[Mesa-dev] i965: Kicking off fp16 glsl support
Topi Pohjolainen
topi.pohjolainen at gmail.com
Fri Nov 24 12:26:27 UTC 2017
After Igalia's work on SPIRV 16-bit storage question arose how much
is needed on top in order to optimize GLES lowp/mediump with 16-bit
floats. I took glb 2.7 trex as a target and started drafting a glsl
lowering pass re-typing mediump floats into float16. In parallel,
I added bit by bit equivalent support into GLSL -> NIR pass and into
Intel compiler backend.
This series enables lowering for fragment shaders only. This was
sufficient for trex which doesn't use mediump precision for vertex
shaders.
First of all this is not complete work. I'd like to think of it more
as trying to give an idea what is currently missing. And by giving
concrete (if not ideal) solutions making each case a little clearer.

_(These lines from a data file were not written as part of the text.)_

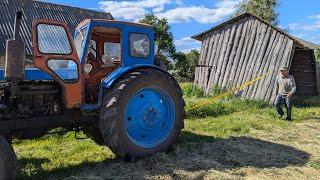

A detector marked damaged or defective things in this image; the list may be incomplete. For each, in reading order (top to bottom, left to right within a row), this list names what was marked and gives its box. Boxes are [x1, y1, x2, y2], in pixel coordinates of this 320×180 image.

rusty metal roof [0, 0, 114, 56]
rusty metal roof [192, 12, 320, 50]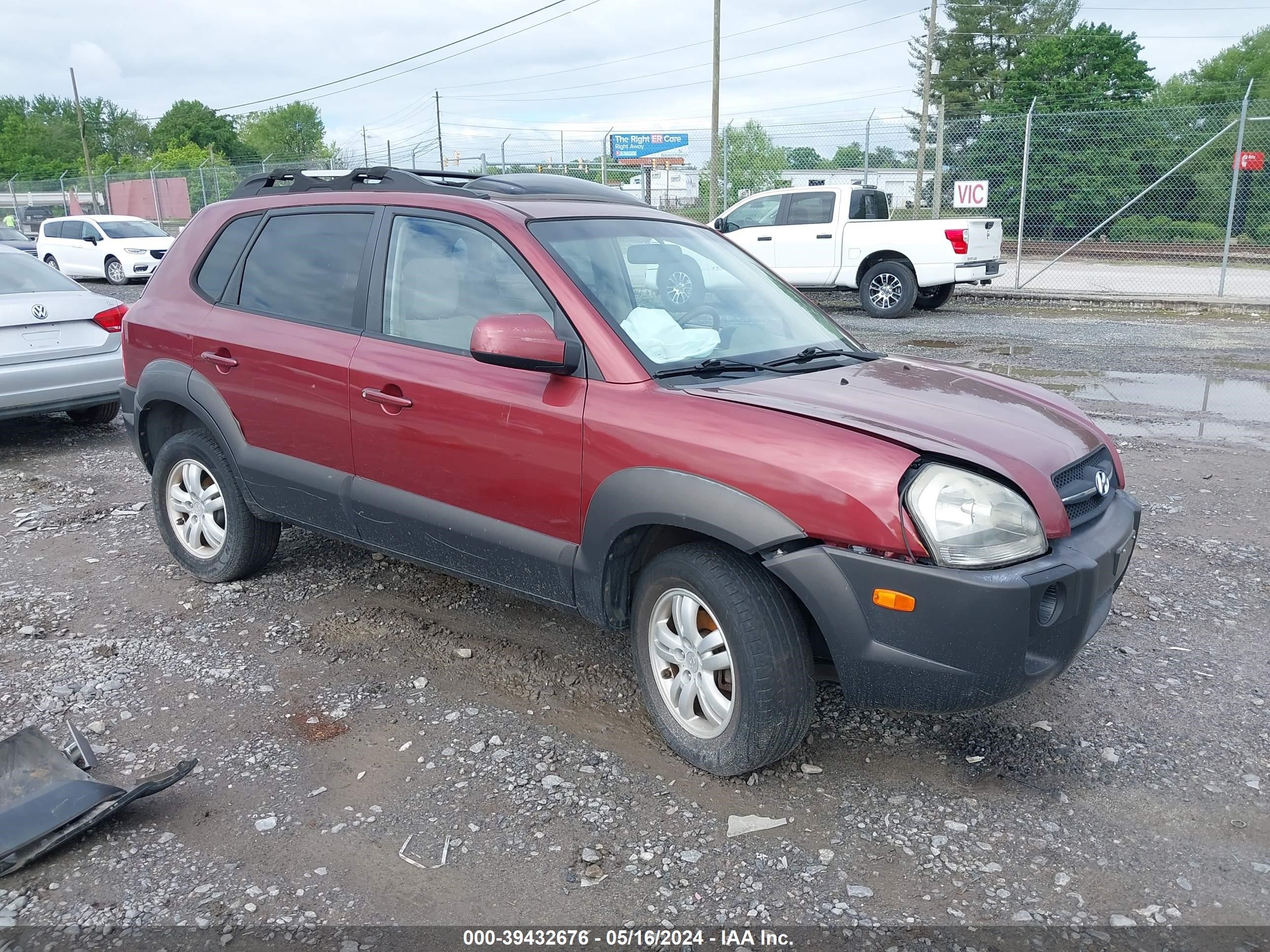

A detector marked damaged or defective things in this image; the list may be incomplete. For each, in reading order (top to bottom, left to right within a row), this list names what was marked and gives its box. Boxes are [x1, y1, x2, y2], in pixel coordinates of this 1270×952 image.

damaged front bumper [0, 725, 196, 875]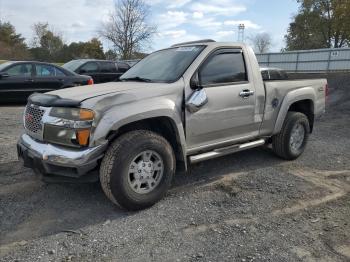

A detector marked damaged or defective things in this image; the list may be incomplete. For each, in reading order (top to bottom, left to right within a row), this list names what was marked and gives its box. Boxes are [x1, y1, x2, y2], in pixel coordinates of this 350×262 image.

damaged hood [47, 82, 152, 102]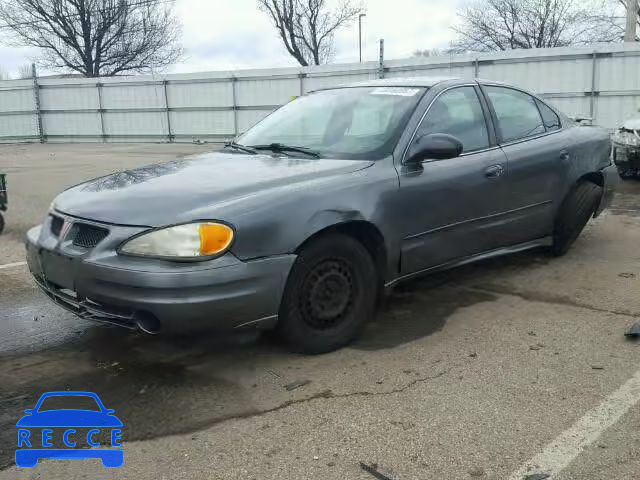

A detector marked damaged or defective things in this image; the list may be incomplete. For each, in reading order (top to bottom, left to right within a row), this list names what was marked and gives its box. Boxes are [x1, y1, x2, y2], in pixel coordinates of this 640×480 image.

cracked asphalt [1, 144, 640, 478]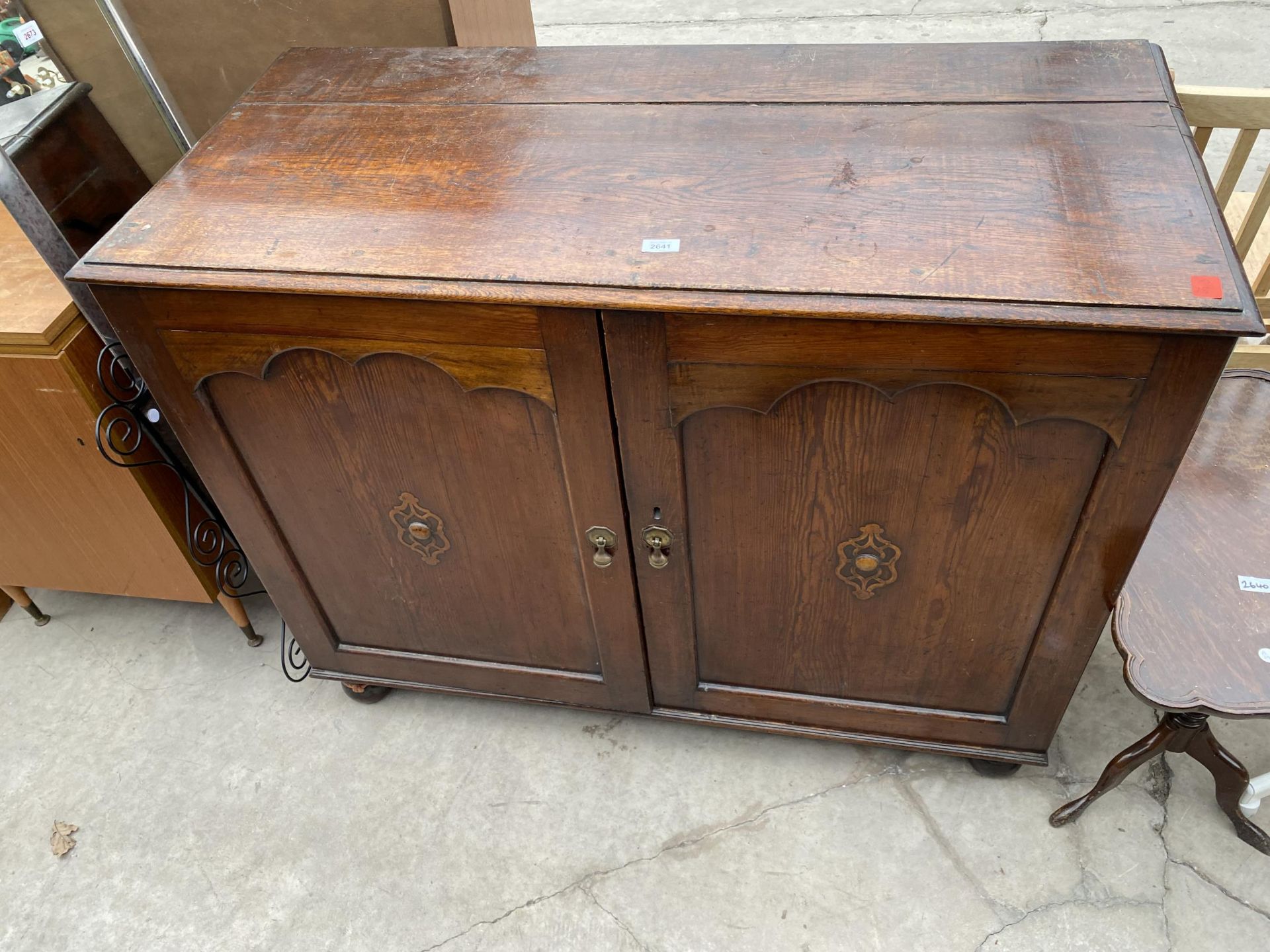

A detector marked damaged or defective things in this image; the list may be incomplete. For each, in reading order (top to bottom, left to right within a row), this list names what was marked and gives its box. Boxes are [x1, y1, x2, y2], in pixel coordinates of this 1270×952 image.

cracked concrete floor [0, 588, 1265, 952]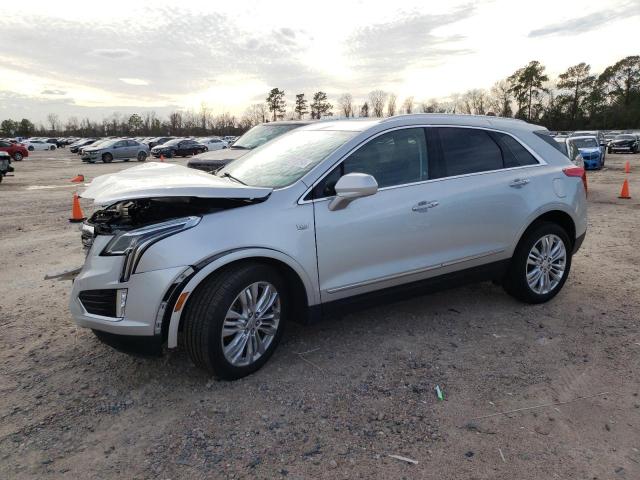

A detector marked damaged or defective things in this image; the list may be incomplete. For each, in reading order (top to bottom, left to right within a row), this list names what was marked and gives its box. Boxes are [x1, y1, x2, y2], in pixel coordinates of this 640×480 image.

On SKL this runs trex pretty much on par compared to 32-bit. Intel
hardware doesn't have native support for linear interpolation using
16-bit floats and therefore pln() and lrp() incur additional moves
from 16-bits to 32-bits (and vice versa). Both can be replaced
relatively efficiently using mad() later on.
Comparing shader dumps between 16-bit and 32-bit indicates that all
optimization passes kick in nicely (sampler-eot, mad(), etc). Only
additional are the before mentioned conversion instructions.
Series starts with miscellanious bits needed in the glsl and nir.
This is followed by equivalent bits in the Intel compiler backend.
These are followed up changes that are subject to more debate:
1) Support for SIMD8 fp16 in liveness analysis, copy propagation,
dead code elimination, etc.
In order to tell if one instruction fully overwrites the results
of another one needs to examine how much of a register is written.
Until now this has been done in granularity of full or partial
register, i.e., there is no concept of "full sub-region write".
And until now there was no need as all data types took 4-bytes
per element resulting into full 32-byte register even in case of
SIMD8. Partial writes where all special and could be safely
ignored in various analysis passes.
Half precision floats, however, break this assumption. On SIMD8
full write with 16-bit elements results into half register.
I tried patching different passes examing partial writes one by
one but that started to get out hand. Moreover, just by looking
a register type size it is not safe to say if it really is full
write or not.
Solution here is to explicitly store this information into
registers: added new member fs_reg::pad_per_component.
Subsequently patching fs_reg::component_size() to take the
padding into account propagates the information to all users.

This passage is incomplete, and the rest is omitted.